If you've driven from Lubbock to just about anywhere else in the state, you know that there are some long highways in Texas - nearly 79,000 miles of interstates, U.S. highways, state highways, farm-to-market and ranch-to-market roads. 

A more sobering statistic is that on the thousands of miles of roads in Texas, there are also thousands of fatal crashes each year. In 2013 alone, there were 3,377 fatalities and 232,041 crash-related injuries on Texas roads, amounting to a person killed every two hours and 36 minutes and a person injured every two minutes and 16 seconds, according to the Texas Department of Transportation. 

These numbers are what prompted Texas Tech traffic researcher Wesley Kumfer to determine what was causing so many crashes on Texas roads. The common denominator? The drivers themselves.

"Humans are responsible for most crashes," Kumfer said. "We researchers tend to believe that 90 percent or more of crashes are caused by human error. If you can eliminate that human error, which is what autonomous vehicles will try to do, then ideally you’ll be able to cut down on crashes."

Autonomous vehicles - self-driving cars - and other highly developed driving technologies are marking a change in driving technologies, Kumfer said.
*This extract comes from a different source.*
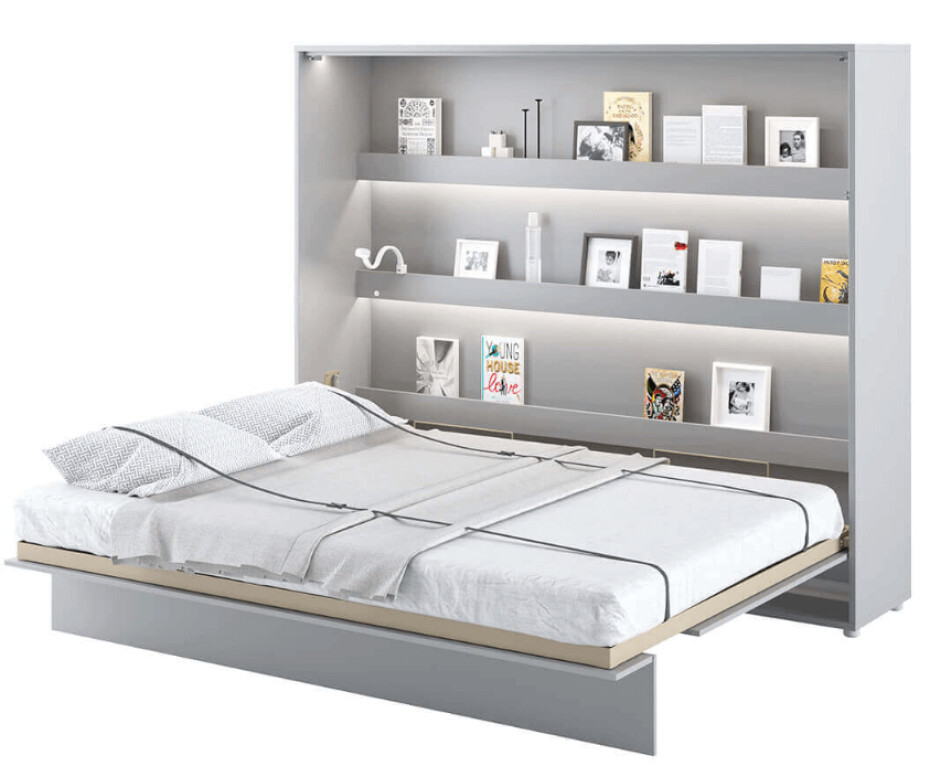 Dig-net nábytek Sklápěcí postel Lenart BED CONCEPT BC-14 | 160 x 200 cm Barva: Dub artisan - main (16)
But that technology that's causing change among drivers might also be able to reveal something about the drivers themselves.

"Transportation in the US is in a state of flux that’s driven by technology, more so than ever before," Kumfer said. "There’s technology altering the way that we do transportation. I mean, we have smart sensors that allow for better traffic signalization, for more coordinated movements, and the autonomous vehicles are examples of upcoming technology. The US Department of Transportation’s overarching goal is to have data-driven change, and so for the first time in decades we have what’s called ‘big data’ so we just have terabytes, or petabytes of data that we’re trying to understand and to decipher to help us understand how people drive and why."

Kumfer's research, which he is presenting in Washington D.C. this weekend as a part of the meeting of the federal Transportation Research Board, focuses on the driver demographics that are involved in fatal crashes. 

"The [research] deals with looking at population factors," Kumfer said. "I fit them to a very basic statistical model to see if you can predict total crashes in a state or in the country just based on certain populations of people. So the population of men versus women, the population of each different race, different age groups, etc., to see if that has an impact on the total number of crashes."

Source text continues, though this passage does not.